Suzanne had been on her usual morning run the week before Thanksgiving 2014 when she started to notice the symptoms: “I felt really, really funny and my words were all garbled,” Suzanne says. A colleague drove her to the ER, where an MRI revealed a brain tumor.
“I worried about whether the tumor would be malignant or not,” Suzanne says. “But I was mostly concerned about Thanksgiving dinner because I was having 50 people over.”
She hosted a full house for Thanksgiving before going in for surgery at a local hospital on Dec. 2, 2014. After the tumor was removed, Suzanne learned it was glioblastoma, an aggressive, malignant grade IV brain tumor. She began radiation therapy and chemotherapy, near her home in Fort Worth, Texas.

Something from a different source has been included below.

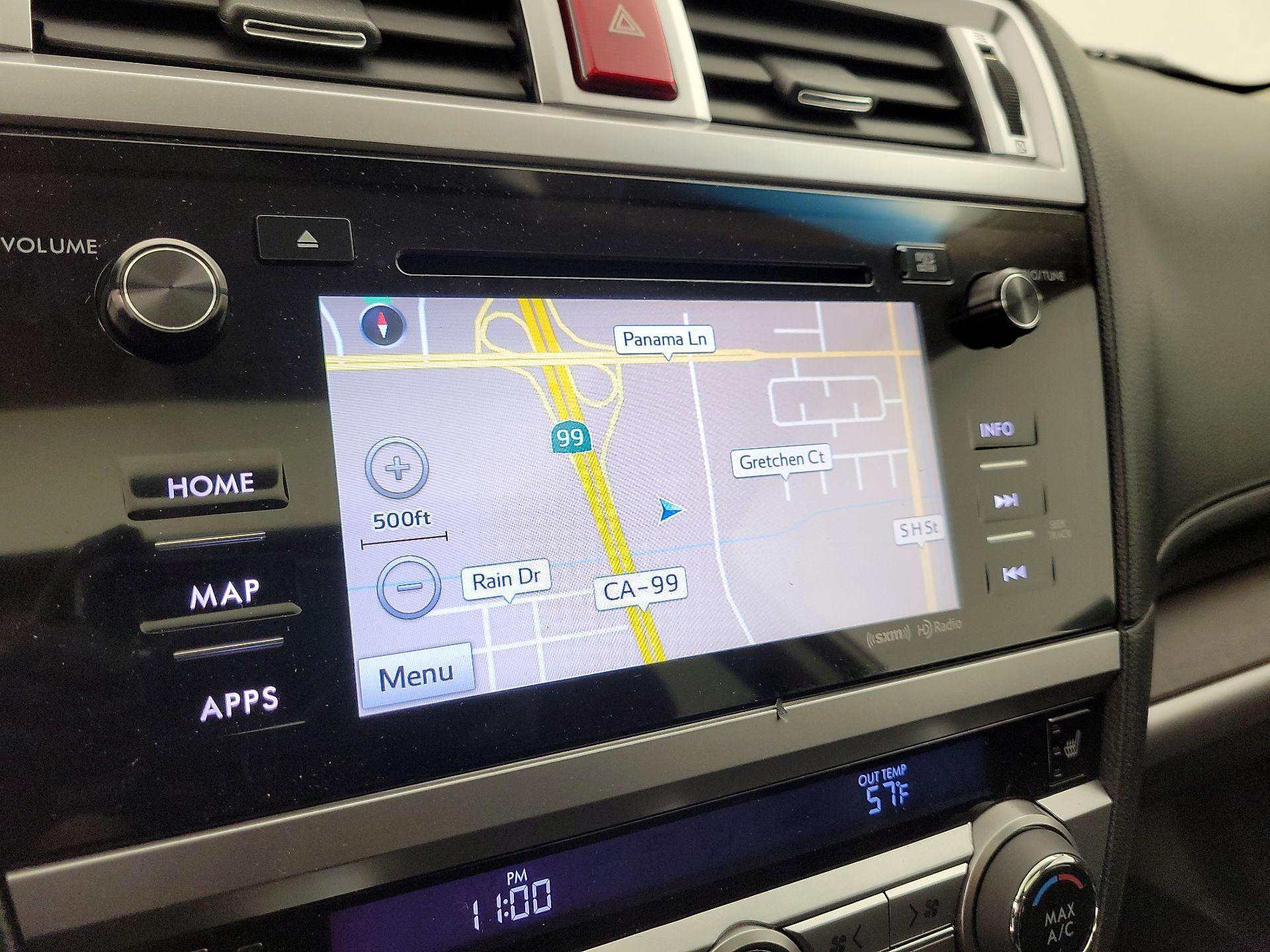 Thumbnail: 2016 Subaru Outback - 14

Brain tumor treatment at MD Anderson
In March 2015, Suzanne talked to her oncologist about a referral to MD Anderson. “We knew MD Anderson had a very good reputation for dealing with glioblastoma, and we wanted all the help we could get,” Suzanne says.

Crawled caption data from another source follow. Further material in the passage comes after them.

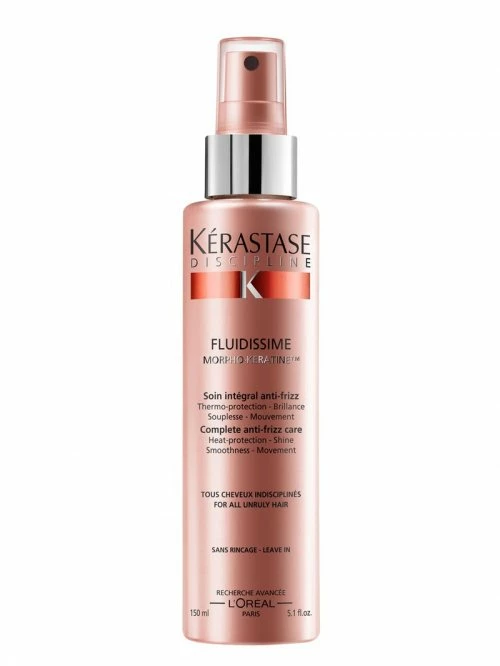 Термозащитный спрей Kerastase Discipline fluidissime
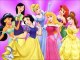 Disney Princess-If You Can Dream Lyrics
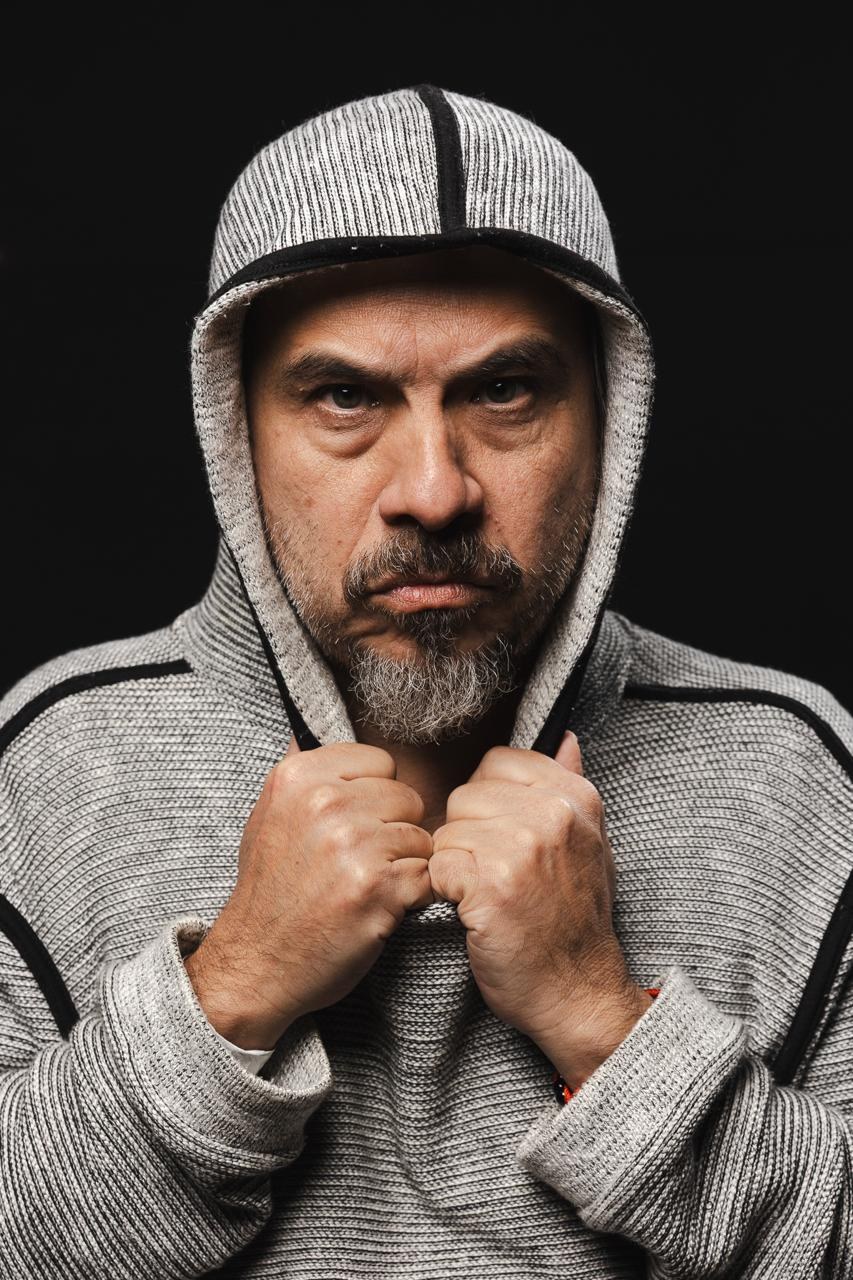 Roberto Icizuca, criador de conteúdo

Her doctor referred her to neuro-oncologist Marta Penas-Prado, M.D., at MD Anderson’sBrain and Spine Center. Soon, Suzanne started experiencing weakness on the right side of her body, and a scan confirmed the tumor had progressed.

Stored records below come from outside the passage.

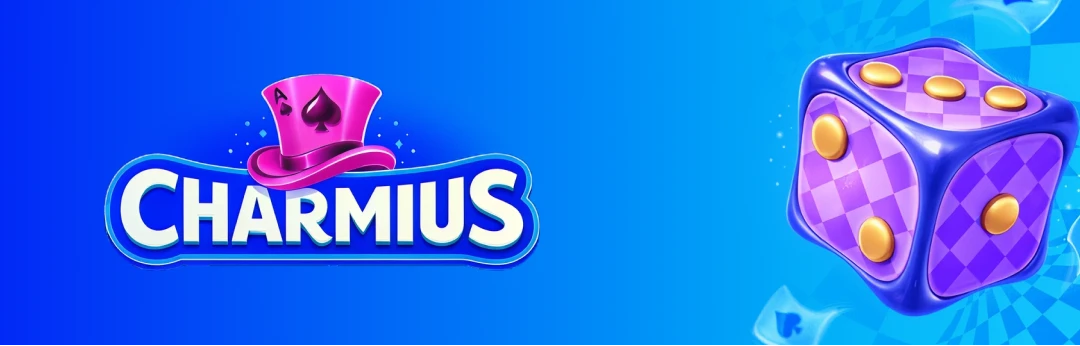 Charmius compatible devices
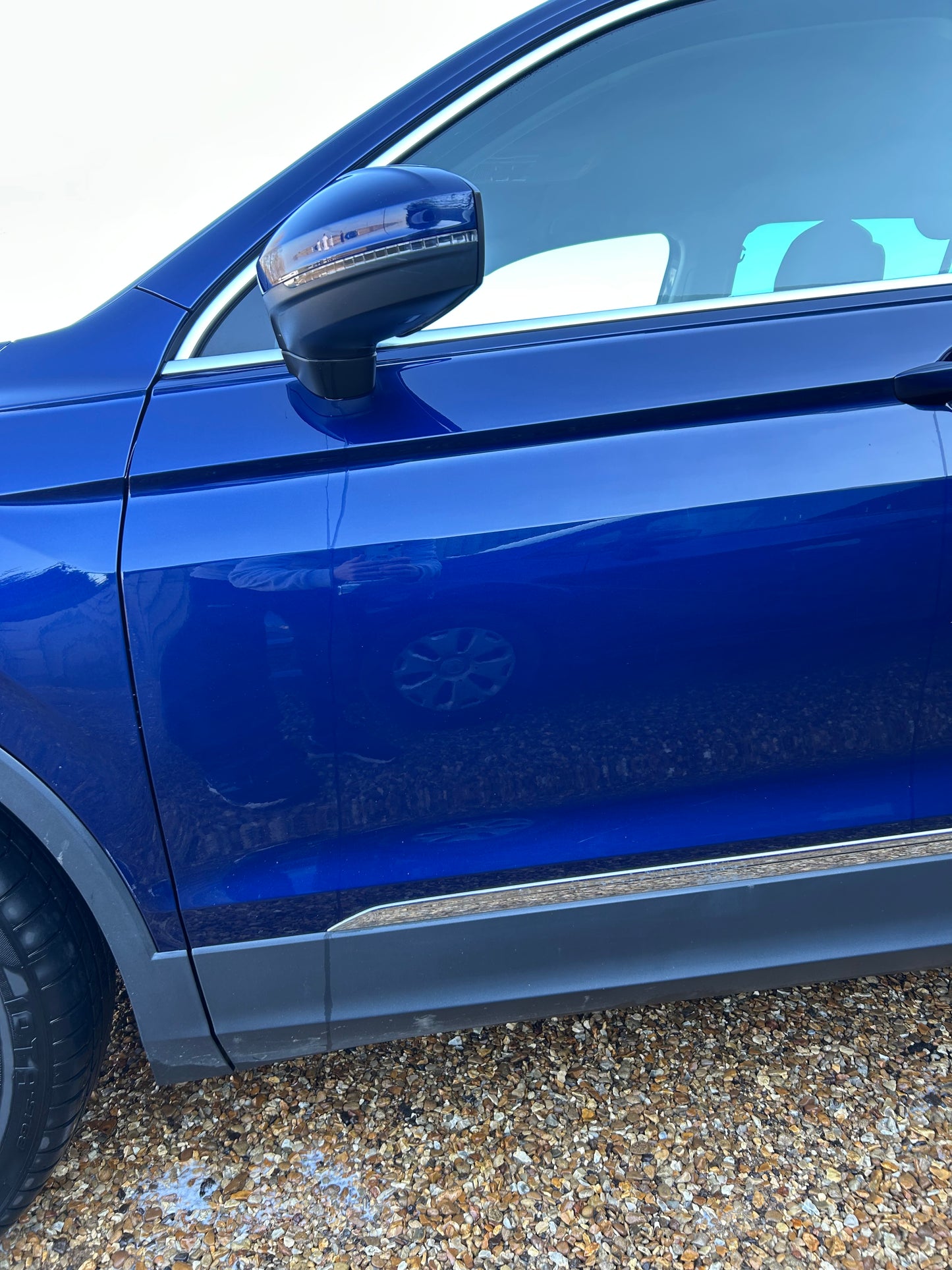 Exterior Wash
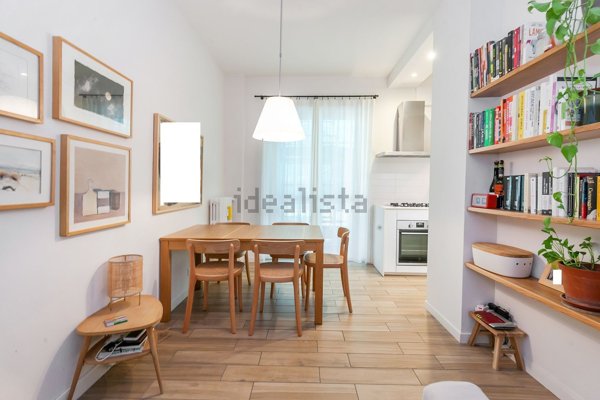 appartamento in vendita a Milano in zona Solari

Because it was located near the speech areas of her brain, neurosurgeon Jeffrey Weinberg, M.D., recommended an awake craniotomy. In this type of brain surgery, the patient is woken up during the operation to help ensure their ability to speak or move is preserved as the tumor is removed.
Suzanne’s first half-marathon
Suzanne returned to Fort Worth two days after surgery and finished her year of chemotherapy in spring 2016. She eased back into running and set her half-marathon goal.
“Even when I don’t feel like exercising, running makes me feel better,” Suzanne says. “Even though I’ve mostly done 5Ks, I felt like I could do a half-marathon.”
Her doctors didn’t object to her plan, so in February 2017, more than two years after her brain tumor diagnosis, Suzanne participated in her first 13.1-mile race.
“I started out just fine. Speed is not my objective,” Suzanne says. “But somewhere around the eighth mile, I started having trouble. At first I thought it was just the wind and the hill, but I couldn’t straighten myself up. I knew I was slowing down, but I really wanted to finish the race.”
She kept going, pausing at the medical station at mile 11 for salt tablets.
“I walked after that,” Suzanne says. “I was just trying to hold myself up straight and not lean to the right. I almost gave up, but then I saw a volunteer in a medical jacket walking toward me.”
Medical volunteers walked the final mile of the race with Suzanne, and she crossed the finish line at just over five hours.
“I found it embarrassing that I had be helped, but I wanted to finish,” says Suzanne, who recovered after a day of sore muscles. “After a while, I realized that it was good. Even if I had to have help, I was going to finish.”
Don’t ever give up
She faces her glioblastoma diagnosis with the same determination and is already planning her next 5K. With a year of stable scans since finishing treatment, Suzanne returns to MD Anderson every three months for follow up. She checks in with her Fort Worth oncologist after each trip to Houston.
“Don’t let the diagnosis scare you beyond the initial shock,” Suzanne says. “Be stubborn. Deal with the cancer, and find doctors you can trust. Don’t be afraid to ask for support, and don’t give up. That’s become my mantra: Don’t ever give up.”